In petit allegro, it’s a useful rule of thumb to listen to the rhythm of the exercise as the teacher sets it, and look very carefully at the feet as it’s being marked. Work out what the rhythm is that they make, and then divide it by half in the melody line. If it’s a bit slow, swing or dot the melody.
So for example, let’s say that the rhythm the feet make is roughly like the bottom line in the example above (except that perhaps you wouldn’t have a step on every quaver beat), then you’d play something like the top line, There’s nae luck aboot the hoose. There are dozens of slightly different versions of this tune, depending on what it’s for and who’s playing it, but the main thing is, you can see that the tune divides the rhythm of the step, it doesn’t copy it.
Merely copying the rhythm of the step creates a beat that is effectively half the speed of the exercise. It’s not that this beat isn’t present somewhere in There’s nae luck, but this tune also has subsidiary beat levels, and most importantly, all those semiquavers give you room to slightly stretch the beat, therefore making space (that subject again) for dance. This breathing space and contingency is the reason that fiddle tunes, quadrilles and rags work so well for petit allegro. With Good King Wenceslas, you have none of that. You can also see that the difference betweeen time signature, perceived beat, the rhythm of the step and the rhythm of the music illustrate that you might as well forget about time signature and focus on rhythm instead.
I haven’t got a name for the concept, but the principle is explained partly by the psychology of beat induction. When you hear two evenly spaced sounds in succession, your brain predicts when the third one will come, and if it does indeed fall there, then your brain goes ‘aha’ and begins to build a picture of a beat-framework where the beats you just heard are organized by another layer of beats at half this speed . Thus, in the carol Good King Wenceslas, the middle line of the example above, the beat that you feel is at the level of the quarter note, because the repeated quavers predict it. Conversely, whatever constitutes the beat-level of the exercise your teacher has set, you need to help your dancers to perceive that beat by subdividing it in some way. There’s Nae Luck Aboot the Hoose does this, and the dotted rhythm (which you can take or leave, depending on the speed of the exercise) uses the additional factor of length to create the feeling of a beat at the quaver level (the actual note values are immaterial here, it’s the proportion of the durations that matters).

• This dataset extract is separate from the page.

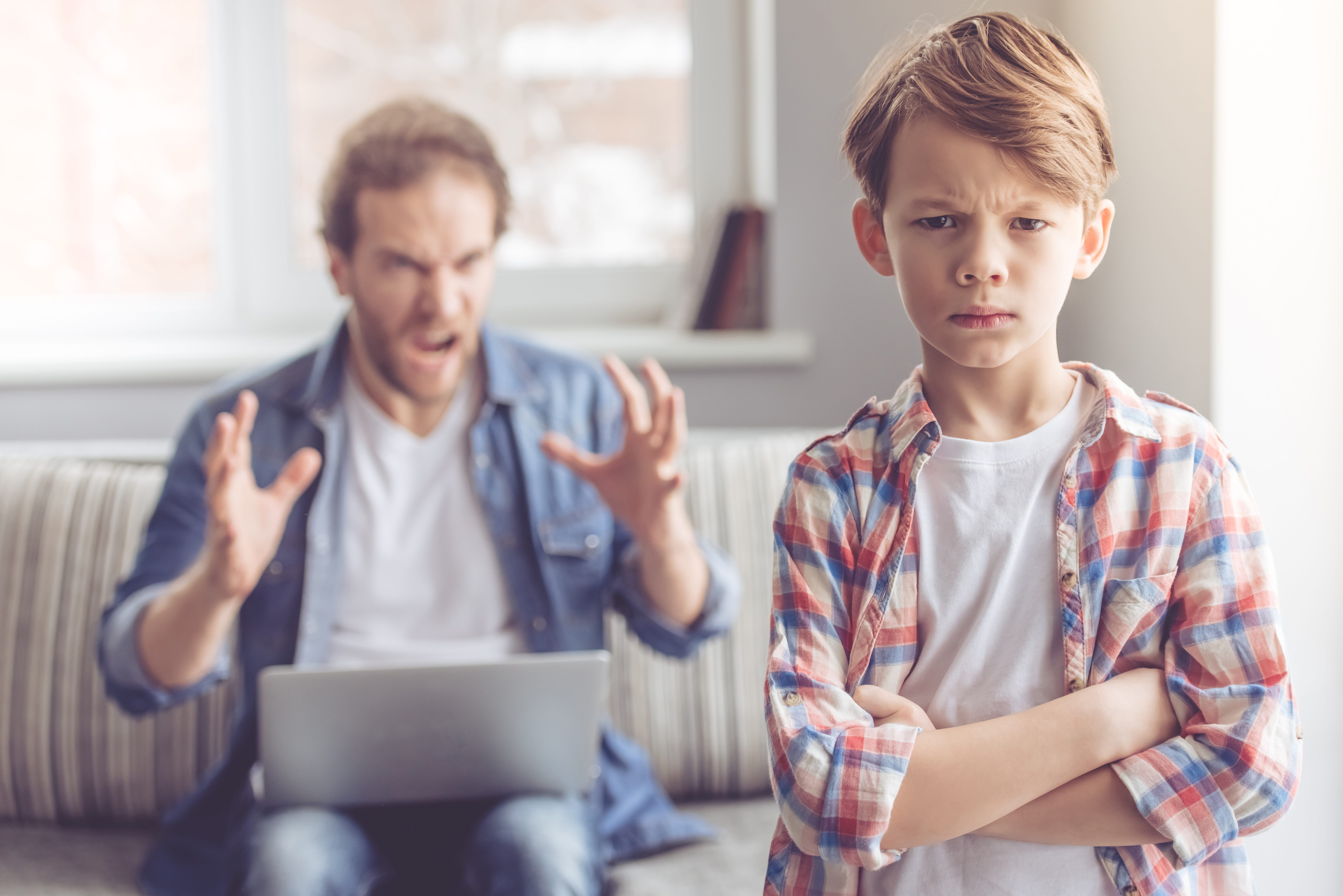 Un père et son fils en colère | Source : Shutterstock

If you look the musical problem set out in those three lines above, you’ll see that we’re back to Riepel and his zweyers and vierers. The rhythm of the exercise consists of two zweyers and a vierer, and that’s reflected in the fiddle tune, whereas Good King Wenceslas is two zweyers, but at half the speed of the exercise. If you merely copy the rhythm of the exercise with the melody of your music, then you may well end up playing music that perceptually speaking is half speed. This is often what dancers mean when they say that music is ‘heavy’ for an allegro exercise. it’s not that it’s entirely wrong – it fits, after all – but the perceived pace of the music as at a higher (slower) hypermetrical level, so it doesn’t support the dance well.
For petit allegro, the tip I’ve shown usually works like a dream, but there are cases at the barre where you might want to avoid it and do the opposite – but more on that tomorrow.